Not taking freedom for granted
Published: Friday, March 8, 2013
Updated: Friday, March 8, 2013 01:03
Before his death sentence for a crime he did not commit, Greg Wilhoit’s judge conferred these words upon him: “You are to die by lethal injection. If that fails we’ll electrocute you. If the power goes out, we’ll hang you. And if the rope breaks we’ll take you out back and shoot you.”
Wilhoit began his morning the same as any other. He was unaware his wife had been brutally murdered, and a little more than eight months later he would be falsely convicted of killing her and sentenced to death. After his sentence was issued, Wilhoit spent the next five years in nightmarish conditions on Oklahoma’s death row before being found truly innocent.
Now free, Wilhoit and fellow exoneree Juan Meléndez, with death penalty defense attorney Peter Fahy of Corvallis, came together to advocate for abolition of the death penalty.
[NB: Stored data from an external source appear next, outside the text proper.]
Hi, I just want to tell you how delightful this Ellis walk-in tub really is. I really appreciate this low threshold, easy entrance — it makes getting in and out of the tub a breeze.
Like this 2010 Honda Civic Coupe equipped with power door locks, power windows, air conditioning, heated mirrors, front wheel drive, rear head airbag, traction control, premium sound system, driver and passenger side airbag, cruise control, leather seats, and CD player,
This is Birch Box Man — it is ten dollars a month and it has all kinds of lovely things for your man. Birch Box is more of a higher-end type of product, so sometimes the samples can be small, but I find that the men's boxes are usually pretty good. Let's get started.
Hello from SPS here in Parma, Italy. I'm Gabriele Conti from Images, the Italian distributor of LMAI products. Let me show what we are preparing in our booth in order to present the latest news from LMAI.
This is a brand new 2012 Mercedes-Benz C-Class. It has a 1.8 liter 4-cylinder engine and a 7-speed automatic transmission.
Yesterday at 3 p.m. in the LaSells Stewart Center, they told their stories in the event, “Surviving Death Row.” The event was sponsored by Oregonians for Alternatives to the Death Penalty, OSU’s chapter of Pi Sigma Alpha — the National Political Honors Society — Witness to Innocence, Window to Justice and the OSU school of public policy.
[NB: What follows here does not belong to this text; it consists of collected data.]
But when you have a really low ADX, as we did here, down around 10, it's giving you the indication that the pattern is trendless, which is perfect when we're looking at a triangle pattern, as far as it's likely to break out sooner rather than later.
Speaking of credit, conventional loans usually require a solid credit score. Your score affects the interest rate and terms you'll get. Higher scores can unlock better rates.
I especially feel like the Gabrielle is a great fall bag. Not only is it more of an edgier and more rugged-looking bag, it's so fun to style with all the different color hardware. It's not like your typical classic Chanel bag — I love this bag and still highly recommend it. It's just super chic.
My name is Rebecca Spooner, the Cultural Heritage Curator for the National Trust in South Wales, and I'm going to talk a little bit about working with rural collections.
“Their stories were really powerful,” said Brett Burkhardt, OSU assistant professor in the school of public policy, and mediator of the presentation. “It makes you realize the weight of the death sentence, because if you make a mistake in sentencing someone who is innocent, then you have basically murdered an innocent person.”
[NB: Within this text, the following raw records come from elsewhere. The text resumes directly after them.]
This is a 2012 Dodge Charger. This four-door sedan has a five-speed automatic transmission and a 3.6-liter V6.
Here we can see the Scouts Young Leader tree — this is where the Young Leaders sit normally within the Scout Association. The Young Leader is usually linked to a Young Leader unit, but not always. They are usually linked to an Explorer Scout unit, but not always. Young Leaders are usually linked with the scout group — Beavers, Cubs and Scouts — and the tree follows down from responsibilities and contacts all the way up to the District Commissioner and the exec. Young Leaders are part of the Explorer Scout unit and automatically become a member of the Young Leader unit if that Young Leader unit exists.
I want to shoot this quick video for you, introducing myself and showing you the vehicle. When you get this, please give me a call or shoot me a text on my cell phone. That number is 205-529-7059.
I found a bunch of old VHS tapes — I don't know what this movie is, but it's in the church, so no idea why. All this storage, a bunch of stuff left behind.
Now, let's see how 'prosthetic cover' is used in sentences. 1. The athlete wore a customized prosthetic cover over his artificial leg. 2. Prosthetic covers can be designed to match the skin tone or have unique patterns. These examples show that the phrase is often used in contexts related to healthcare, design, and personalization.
Each of the three speakers had 15 minutes to give their testimony regarding death row. Then, at the end for about 20 minutes, the audience had the chance to ask questions.
“This event was a good way to learn about the issue,” said Nicole Stauch, president of OSU’s Pi Sigma Alpha chapter. “Even as a political science major, I learned a lot.”
Meléndez, who was a resident in Puerto Rico when he was falsely convicted of the death sentence, spent 18 years on Florida’s death row. Many of his inmates committed suicide by convincing their jailor to give them a plastic garbage bag, with which they twisted into a rope to hang themselves.
Meléndez, plagued by loneliness and depression in his situation, considered hanging himself with a garbage bag.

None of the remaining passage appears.